In this case the sound was sampled at 44.1 kHz. This is called the frame
rate. I choose to analyse the sound in one second chunk for reasons that
I’ll go into later. The readframes()
method reads from the sound file
and returns the data as a string. The fromstring()
function from the
numpy library converts the binary string into an array of 16 bit integers.
The last line splits the array into the left and right channel arrays.
One of the standard ways to analyze sound is to look at the frequencies that are present in a sample. The standard way of doing that is with a discrete Fourier transform using the fast Fourier transform or FFT algorithm. What these basically in this case is to take a sound signal isolate the frequencies of sine waves that make up that sound.
So we are going to use the np.fft.rfft()
function. This is meant for
data that doesn’t contain complex numbers but just real numbers.
lf, rf = np.fft.rfft(left), np.fft.rfft(right)
The function np.fft.rfft()
returns 1/2+1 as many numbers as it was
given. This is because of the inherent symmetry in the transform. If the
array were just as long as the input, the second half would be a mirror
image of the first half.
Here I want to introduce the concept of the frequency resolution of FFT.
Basically, this is the interval between the frequencies returned by the FFT.
It is calculated by dividing the sampling frequency Fs
by the number of
samples n
.
Since the wav-file is sampled at 44100 Hz, and we take 44100 samples, the
frequency resolution will be a convenient 1 Hz.
So for a sample of 44100 sounds, we get the intensity of the frequency from 0 to 22050 Hz. Which not accidentally covers the whole range that humans can hear.
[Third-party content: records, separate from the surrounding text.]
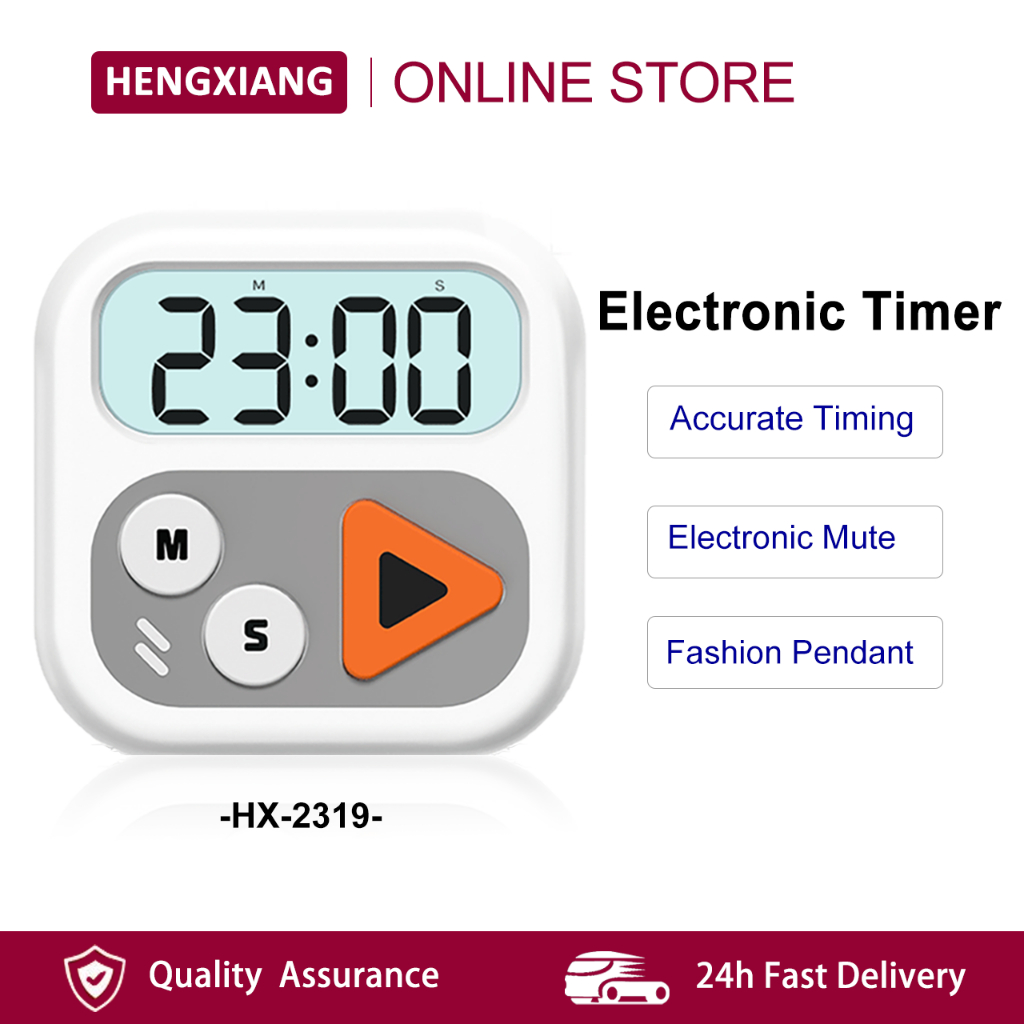 HENGXIANG Electronic Timer HX-2319, Countdown & Count-Up Timing, Simple ...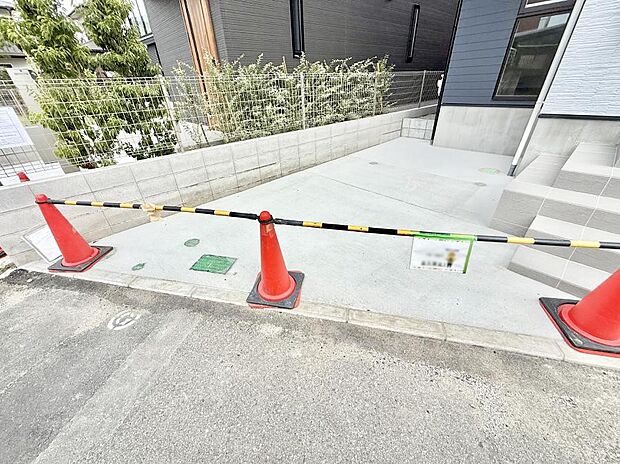【駐車場】1号棟  ■カースペース有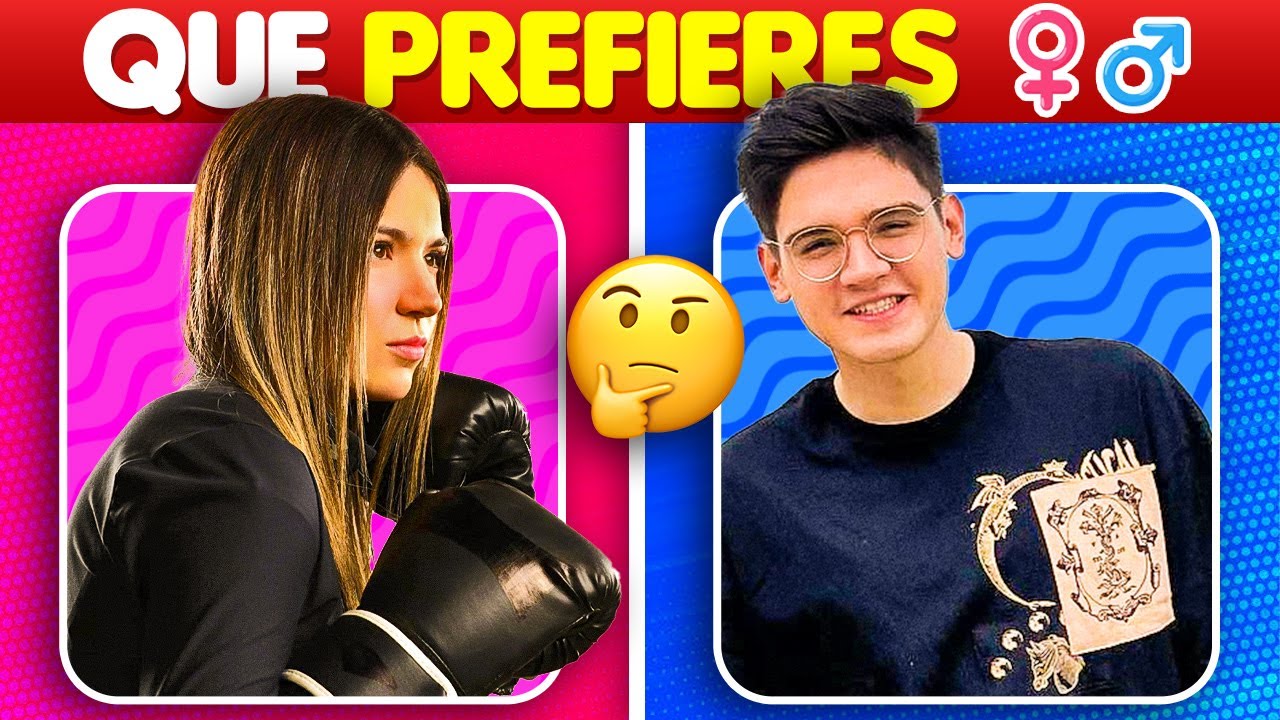 ¿Qué Prefieres? Rivers o El Mariana  ♀️🤔♂️ Especial Streamers 👾   Quiz Tv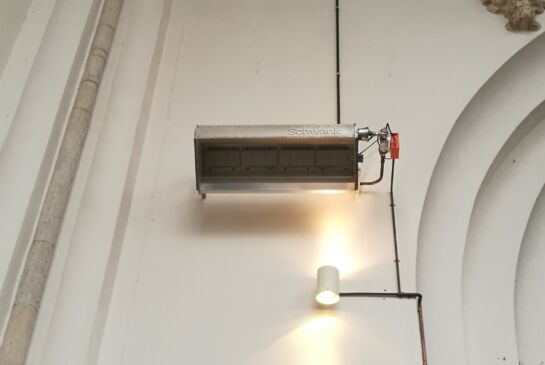Infraroodverwarming met gas als warmtebron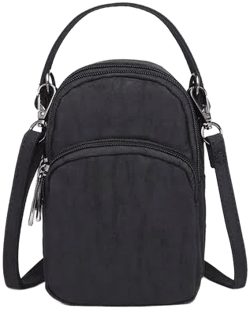 Steeltime Unisex Genuine Leather Crossbody Bag with Carrying Strap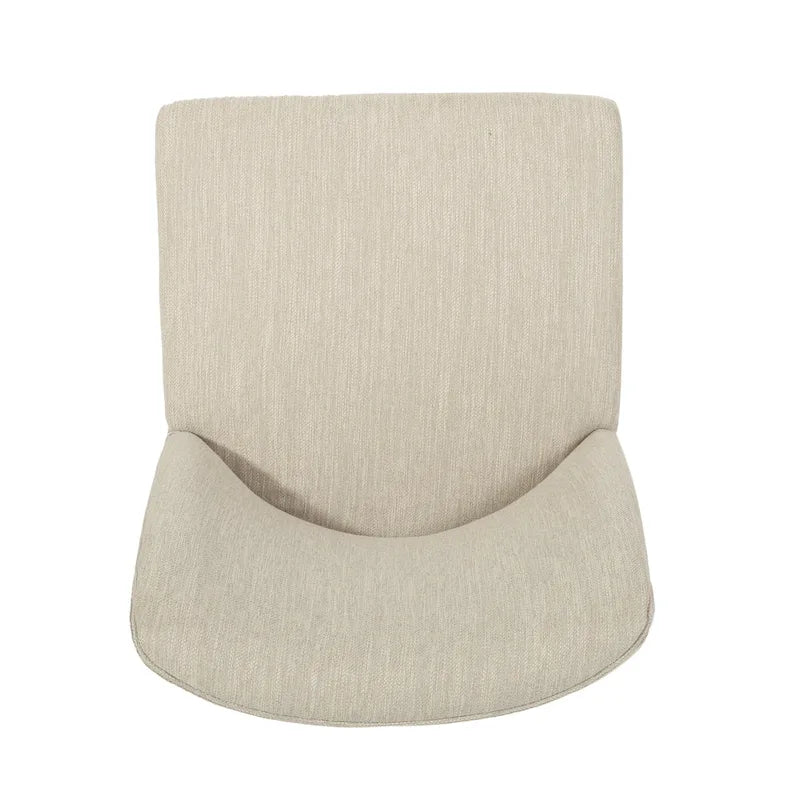 Fabric Upholstered Wood Dining Chairs (Set of 2)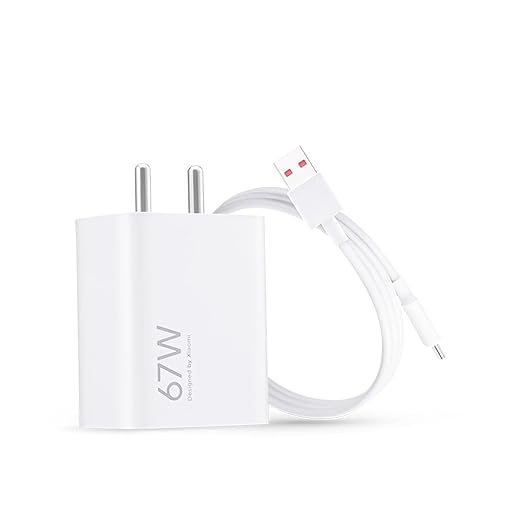 Mi 67W Sonic Charge Combo Mi/Xiaomi/Redmi Charger|Superfast 6A Type C Tablets (Adapter + USB to Type C Cable)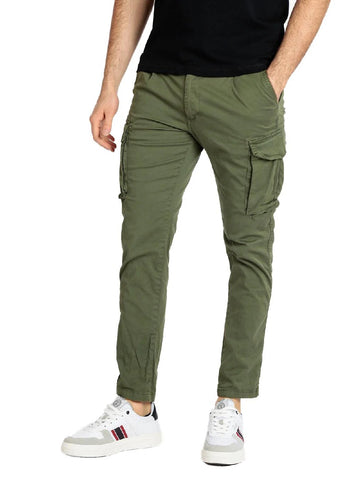 Lyle &amp; Scott Men's Cargo Pants with Pockets Army Green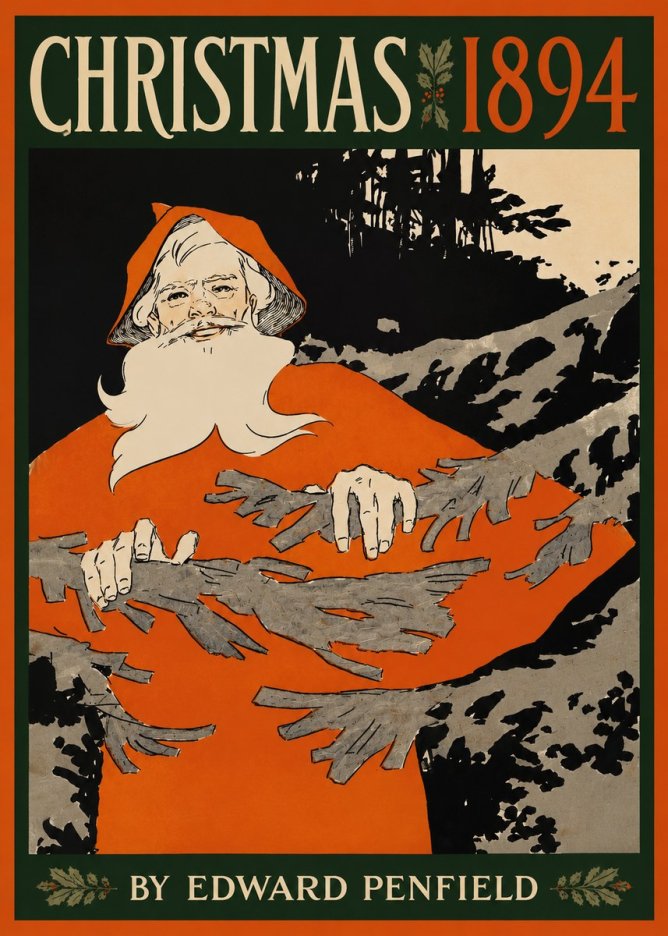 Edward Penfield Christmas 1894 No3 - Poster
Let’s plot a figure of the sound and the frequencies of the left channel:
import matplotlib.pyplot as plt
plt.figure(1)
a = plt.subplot(211)
r = 2**16/2
a.set_ylim([-r, r])
a.set_xlabel('time [s]')
a.set_ylabel('sample value [-]')
x = np.arange(44100)/44100
plt.plot(x, left)
b = plt.subplot(212)
b.set_xscale('log')
b.set_xlabel('frequency [Hz]')
b.set_ylabel('|amplitude|')
plt.plot(abs(lf))
plt.savefig('sample-graph.png')
This figure is shown below.
The top plot shows the typical combination of sine-wave structures of sound. But there is little there for us to see at first sight. The bottom plot is more interesting. It shows one big spike at and around 60 Hz. This is the frequency used for AC in the USA were the recording was made, and it was very noticable in the recording.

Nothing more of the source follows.